Assigned task
Output, exactly as written, the lines below starting at the line containing "Wide aerial view" and ending at the line containing "Shibdon Pond Local Nature Reserve". Drop the pictures and keep both end lines.

[Caption-style text data]
>>>>>
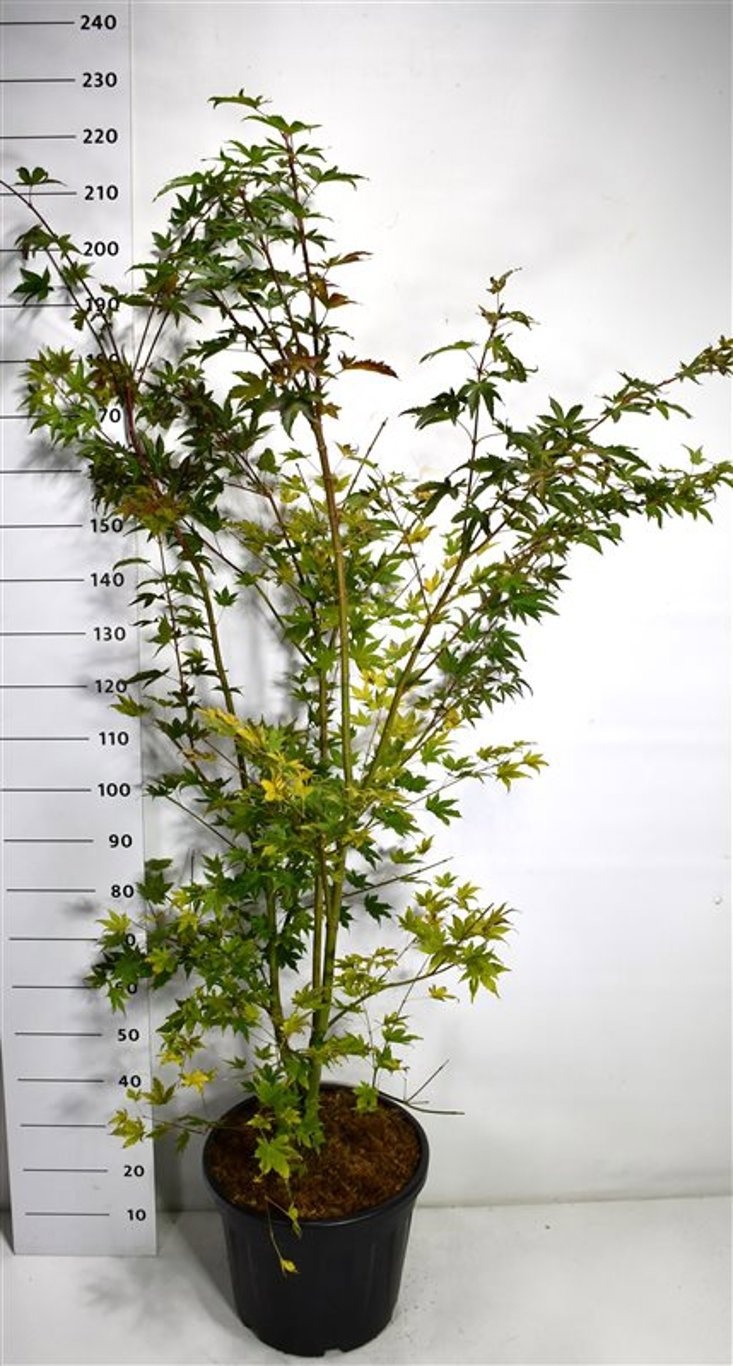 Acer pal. Brown Sugar, D 40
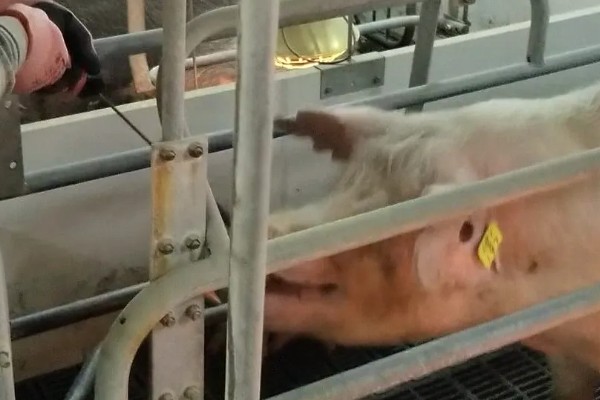 猪疫苗应激会不会自己消除，转移至适宜环境就会慢慢消失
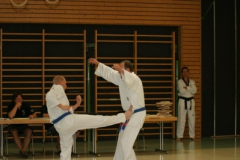 Prüfung Juni 2009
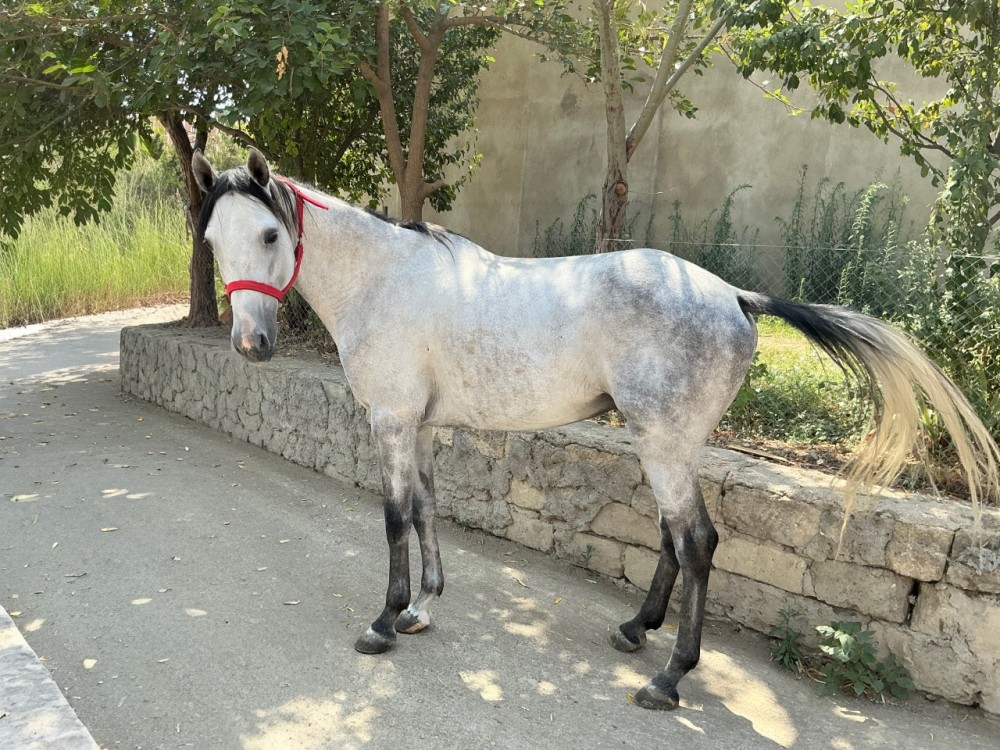 Qarabağ və Dilbaz at cinslərinin genetik xəritəsi hazırlanır -FOTOLAR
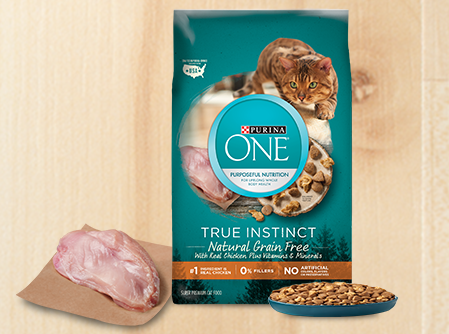 Purina cat food samples hot sale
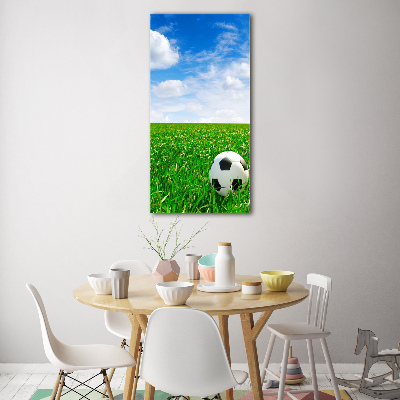 Verticale foto op glas Voetbal op het veld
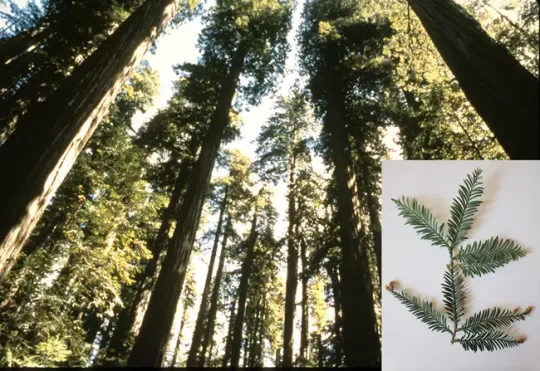 Coast Redwoods (Photo Courtesy National Park Service)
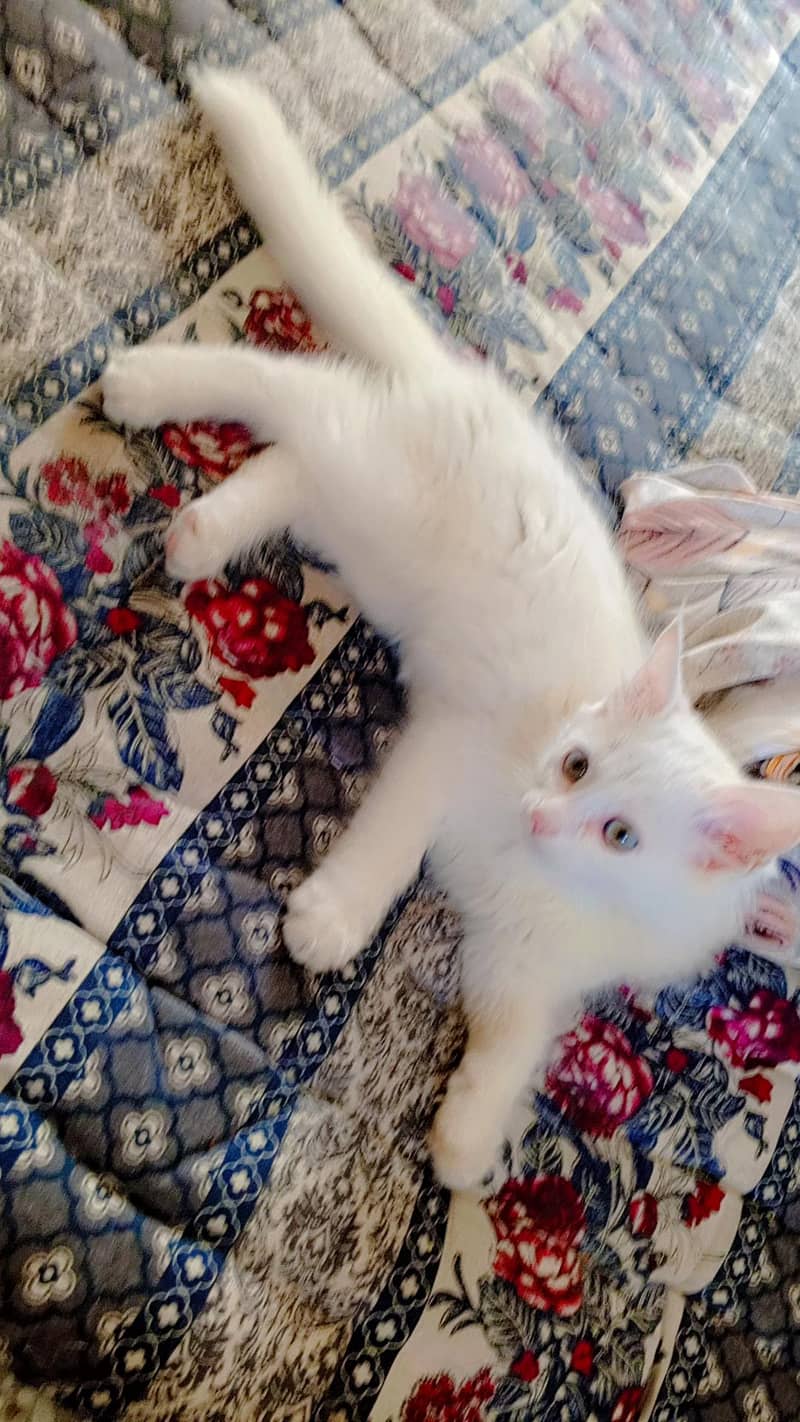 Persian cat 1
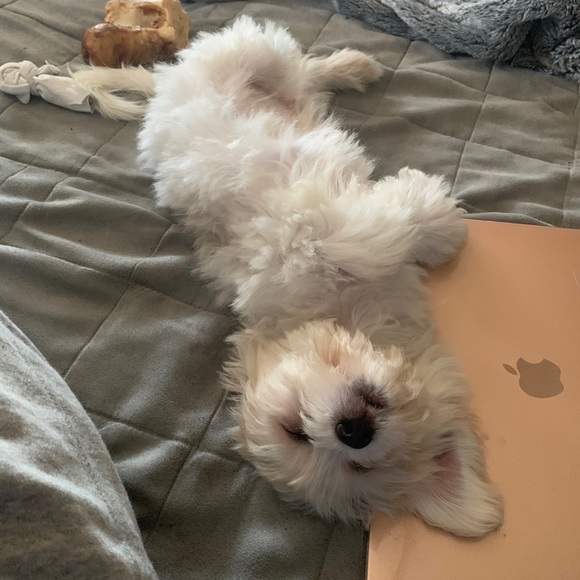 🙏❤️FINALLY a Healthy LITTLE boy! Thanks All!❤️🙏 - Picture 9 of 16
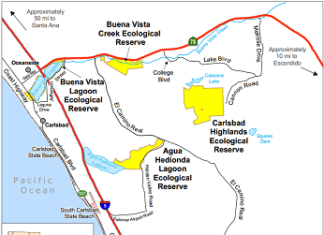 Stream Restoration Grant Awarded for Buena Vista Creek Improvements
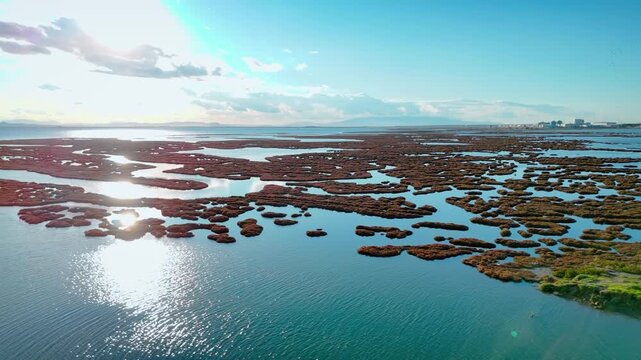 Wide aerial view of coastal wetland and salt marsh area with shallow water pools. Abstract natural pattern of marshland across calm lagoon water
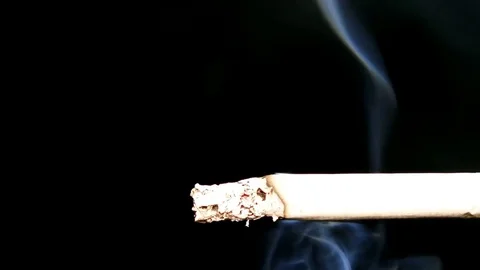 Macro View Of Burning Cigarette With Smoke. Stock Footage 84559924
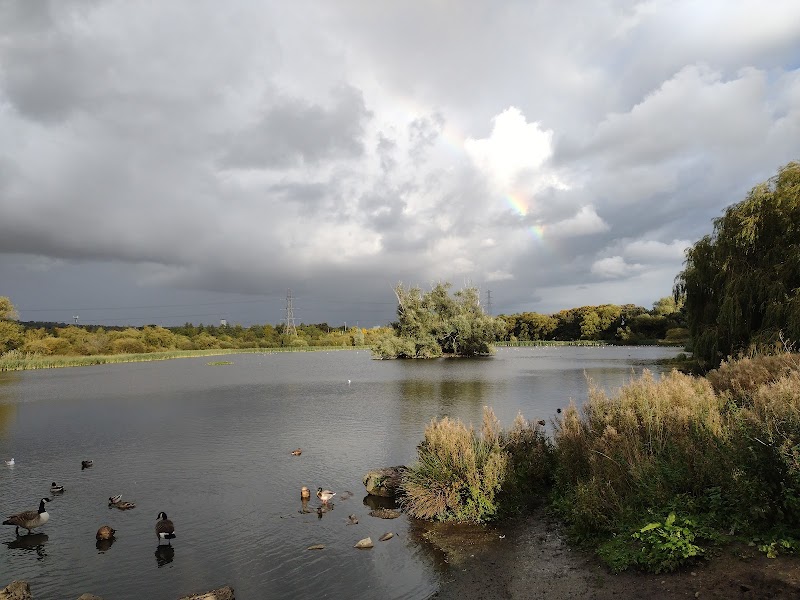 Shibdon Pond Local Nature Reserve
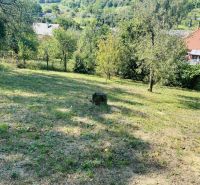 Garten bei einem Einfamilienhaus in der Sabinovská-Straße in Prešov mit Obstbäumen.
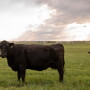 Angus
<<<<<
Result of this task
 Wide aerial view of coastal wetland and salt marsh area with shallow water pools. Abstract natural pattern of marshland across calm lagoon water
 Macro View Of Burning Cigarette With Smoke. Stock Footage 84559924
 Shibdon Pond Local Nature Reserve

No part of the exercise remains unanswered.